Ecosystem services and their valuation
The Nautilus report reassessing and revalidating the National Protected Area System of the Turks and Caicos Islands, undertaken in 2005/6, has been in local news again. Proposals have been put forward by government to significantly reduce the size and scope of a number of protected areas - primarily for the purpose of allowing (or providing retrospective approval for) further development of luxury villas, condos and other tourism infrastructure that is not otherwise compatible with protected area status. The Nautilus report is being cited as a key point of reference to argue the case for continued maintenance of the current conformation of national parks, and natural and heritage protected areas.
The report provides the rationale and evidence for continued protection - in various forms and to various degrees - of large sections of the terrestrial and marine environment that form the natural and cultural heritage of this small island country (an enlightened protected area system that was drawn up locally in the 1970s, and entered into legislation in the late 1980s). It is now being brought to the fore to head off proposed changes to the parks and reserves system that, it is argued, would adversely alter the balance between maintaining the integrity of the resilience and economic contribution of the natural environment versus promoting more luxury housing, condos and other tourism related infrastructures. It revisits fundamental issues relating to when tourism-related development (by far and away the mainstay of the country's economy) becomes over-development.
The protection is needed because the many and various features of this natural environment provide the physical buffers to absorb the impacts of naturally occurring extreme events (notably storm surge and coastal erosion), and the negative impacts of development (notably removal and reduction of precious top-soil, leading to erosion and loss of biodiversity, and contamination of the crucial freshwater lens - the underlying reservoir of freshwater typical of these low lying limestone / coral islands). This underpins the natural productivity of these ecosystems, and builds in the resilience of these islands that allows and sustains settlement of this fragile tropical archipelago. But more particularly, as a globally top ranking holiday destination, it is these very characteristics - supporting blue water lagoons bordered by white sandy beaches and great water sports (on and below the sea surface) - that make the country such a great place to visit. These same features also act as a honey-pot for developers wishing to profit from these locations and the high qualities of the surrounding environment - and so the ongoing tug of war between long and short-term interests, local and offshore investor interests, plays out.
The Nautilus revalidation report is once again serving the purpose behind its commissioning - providing that evidence based reference point for informed debate.
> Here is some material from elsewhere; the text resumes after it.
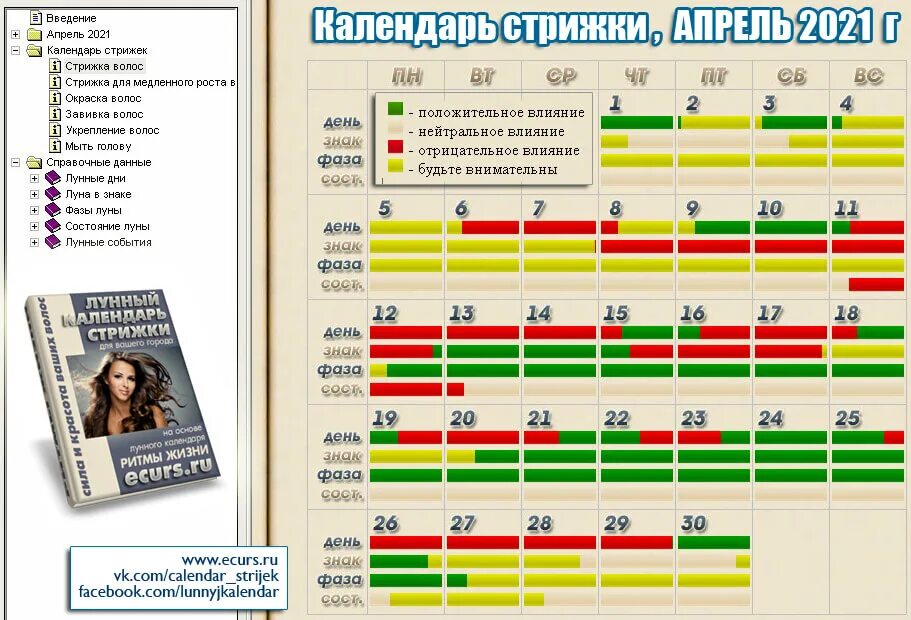 Предсказания ру календарь стрижки волос Уход за волосами по лунному календарю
It is also supported by a number of valuation studies that Nautilus conducted prior to the revalidation report - which focused on how to bring about convergence between economic and natural resource management policies, how to identify and rank the roles and contributions of the environment and ecosystem services, and how to, where appropriate and necessary, place a monetary value on the contribution of such services. A number of practical worked examples illustrated these methodologies - including the benefits of maintaining the health and integrity of barrier reefs and coastal lagoons, not least in helping to protect coastal areas and property from the adverse effects of storm surge associated with tropical storms and hurricanes.